(Data Opens)
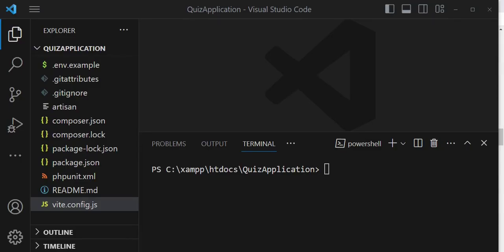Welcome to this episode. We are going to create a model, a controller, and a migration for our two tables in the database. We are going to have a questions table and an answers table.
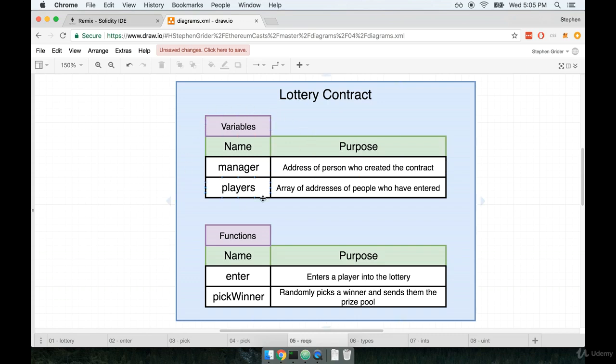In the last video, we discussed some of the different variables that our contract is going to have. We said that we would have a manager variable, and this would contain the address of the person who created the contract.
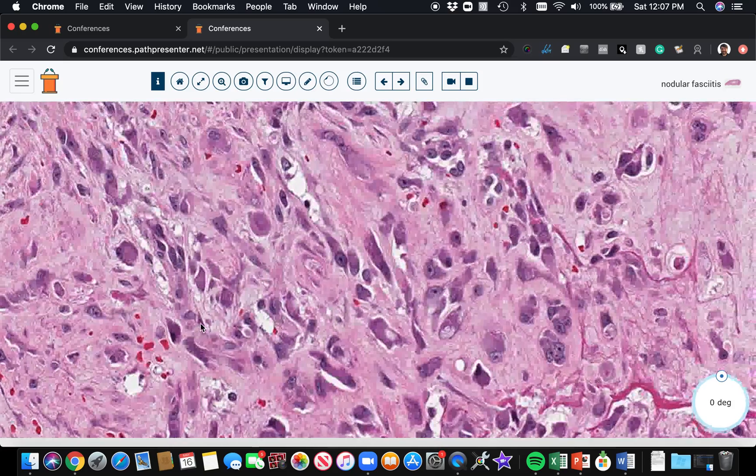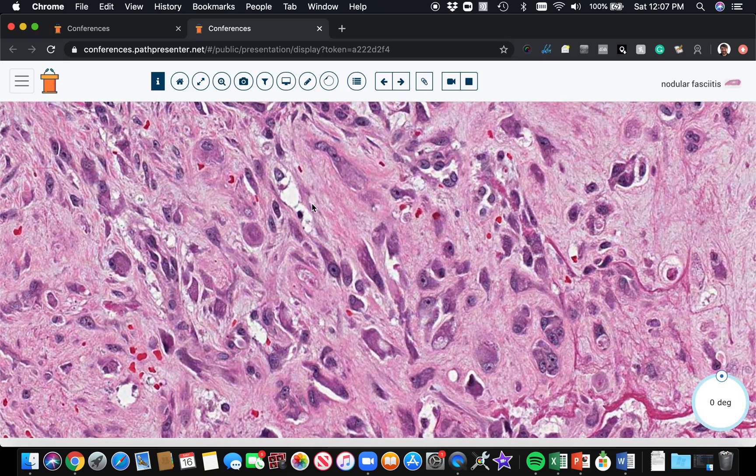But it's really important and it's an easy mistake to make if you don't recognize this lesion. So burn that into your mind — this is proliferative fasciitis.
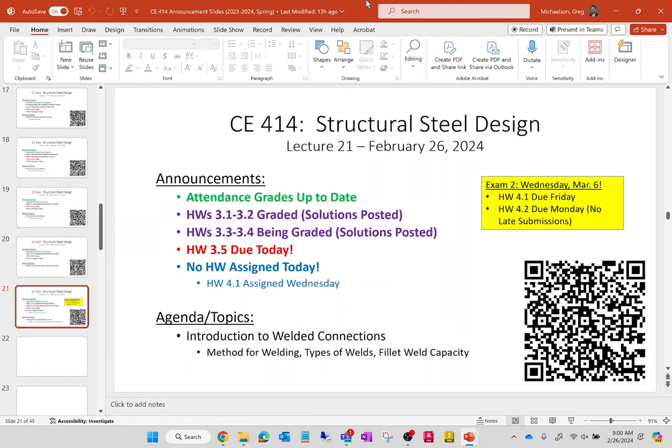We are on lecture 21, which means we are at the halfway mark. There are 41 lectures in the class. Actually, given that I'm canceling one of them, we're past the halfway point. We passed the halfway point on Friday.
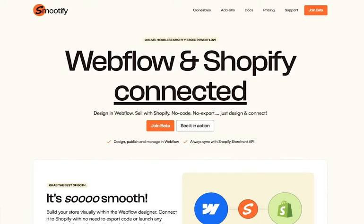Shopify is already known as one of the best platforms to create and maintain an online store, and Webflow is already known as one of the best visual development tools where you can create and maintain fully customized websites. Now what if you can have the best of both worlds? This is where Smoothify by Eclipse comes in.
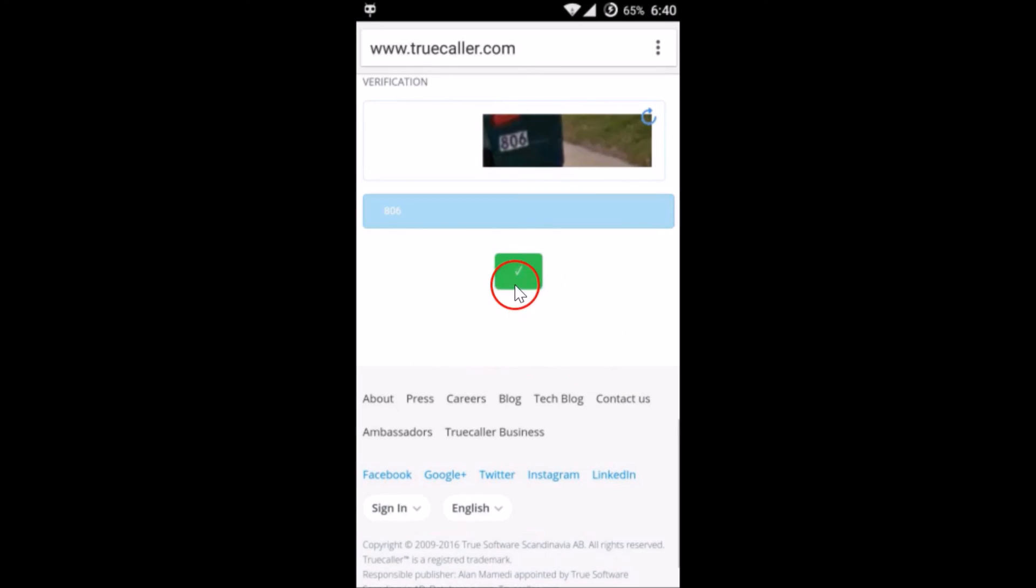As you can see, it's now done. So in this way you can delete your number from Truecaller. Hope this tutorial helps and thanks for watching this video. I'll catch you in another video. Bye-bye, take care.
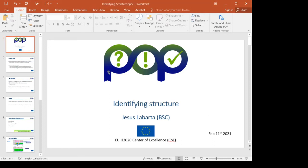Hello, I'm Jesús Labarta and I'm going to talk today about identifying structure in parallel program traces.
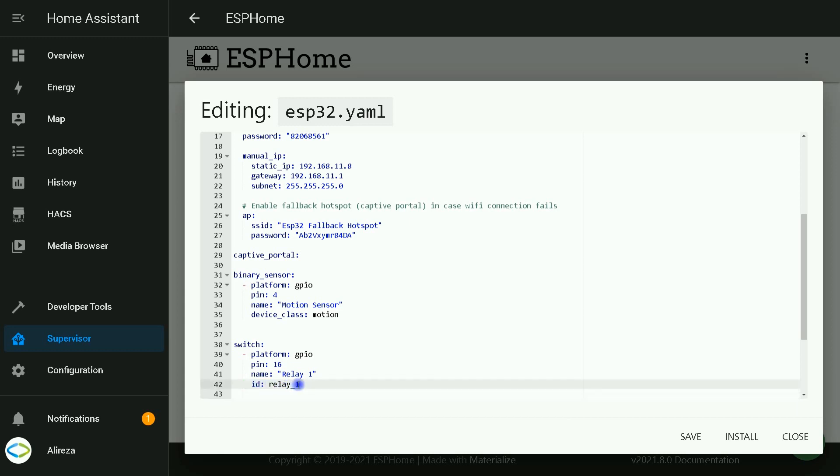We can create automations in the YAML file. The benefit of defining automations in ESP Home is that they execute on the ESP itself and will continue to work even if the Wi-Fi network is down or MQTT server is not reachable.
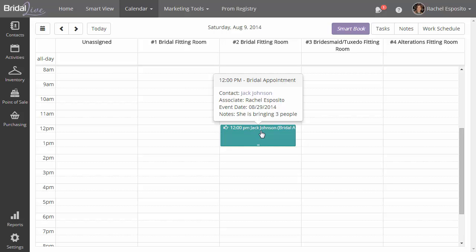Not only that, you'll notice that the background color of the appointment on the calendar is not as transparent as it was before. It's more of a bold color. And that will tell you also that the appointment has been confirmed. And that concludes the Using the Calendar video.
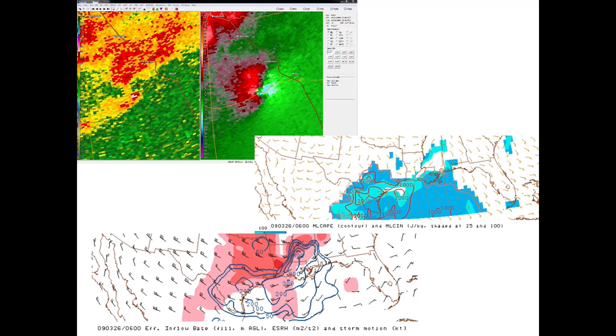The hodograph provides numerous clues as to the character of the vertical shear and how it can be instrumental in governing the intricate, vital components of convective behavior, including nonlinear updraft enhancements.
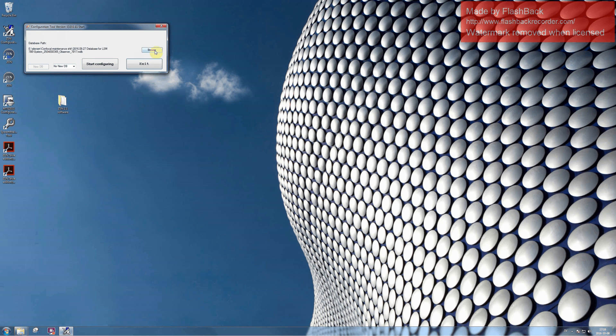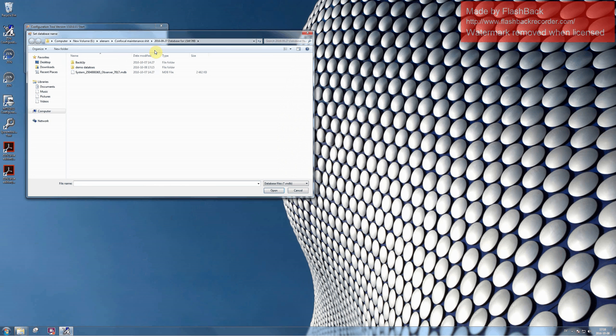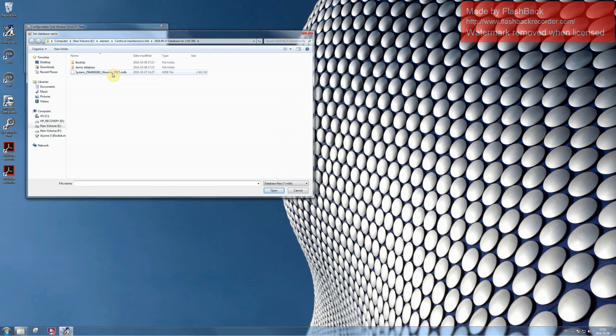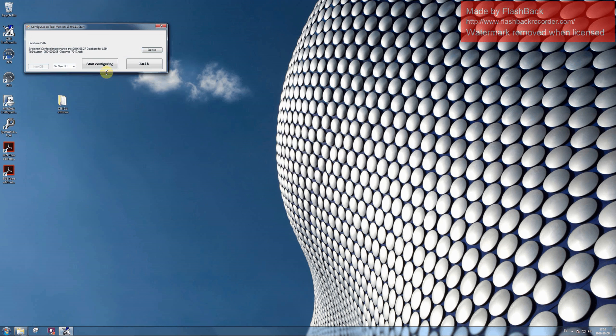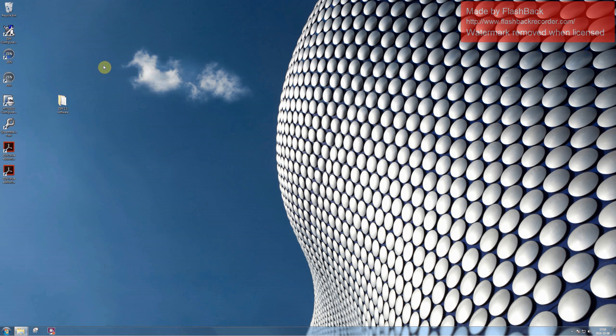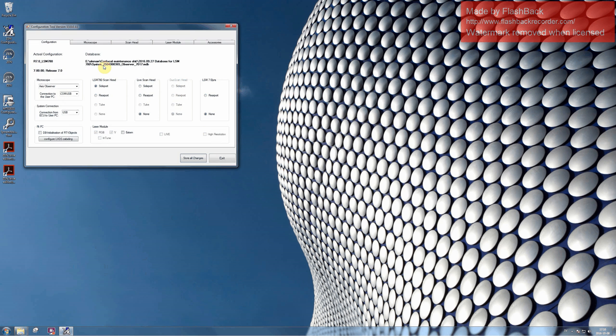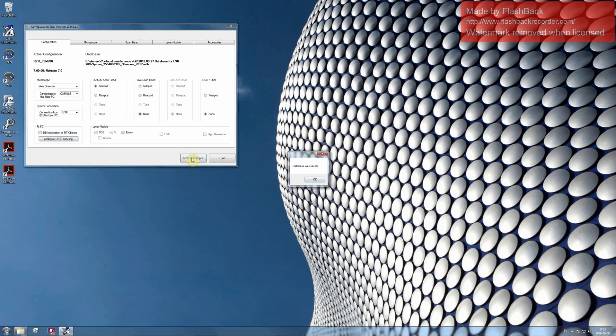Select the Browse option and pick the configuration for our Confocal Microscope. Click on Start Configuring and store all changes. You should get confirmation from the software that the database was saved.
(Data Closes)
• [Exercise details]
Each entry above must be printed exactly, apart from its pictures.

• [Task result]
Welcome to this episode. We are going to create a model, a controller, and a migration for our two tables in the database. We are going to have a questions table and an answers table.
In the last video, we discussed some of the different variables that our contract is going to have. We said that we would have a manager variable, and this would contain the address of the person who created the contract.
But it's really important and it's an easy mistake to make if you don't recognize this lesion. So burn that into your mind — this is proliferative fasciitis.
We are on lecture 21, which means we are at the halfway mark. There are 41 lectures in the class. Actually, given that I'm canceling one of them, we're past the halfway point. We passed the halfway point on Friday.
Shopify is already known as one of the best platforms to create and maintain an online store, and Webflow is already known as one of the best visual development tools where you can create and maintain fully customized websites. Now what if you can have the best of both worlds? This is where Smoothify by Eclipse comes in.
As you can see, it's now done. So in this way you can delete your number from Truecaller. Hope this tutorial helps and thanks for watching this video. I'll catch you in another video. Bye-bye, take care.
Hello, I'm Jesús Labarta and I'm going to talk today about identifying structure in parallel program traces.
We can create automations in the YAML file. The benefit of defining automations in ESP Home is that they execute on the ESP itself and will continue to work even if the Wi-Fi network is down or MQTT server is not reachable.
Not only that, you'll notice that the background color of the appointment on the calendar is not as transparent as it was before. It's more of a bold color. And that will tell you also that the appointment has been confirmed. And that concludes the Using the Calendar video.
The hodograph provides numerous clues as to the character of the vertical shear and how it can be instrumental in governing the intricate, vital components of convective behavior, including nonlinear updraft enhancements.
Select the Browse option and pick the configuration for our Confocal Microscope. Click on Start Configuring and store all changes. You should get confirmation from the software that the database was saved.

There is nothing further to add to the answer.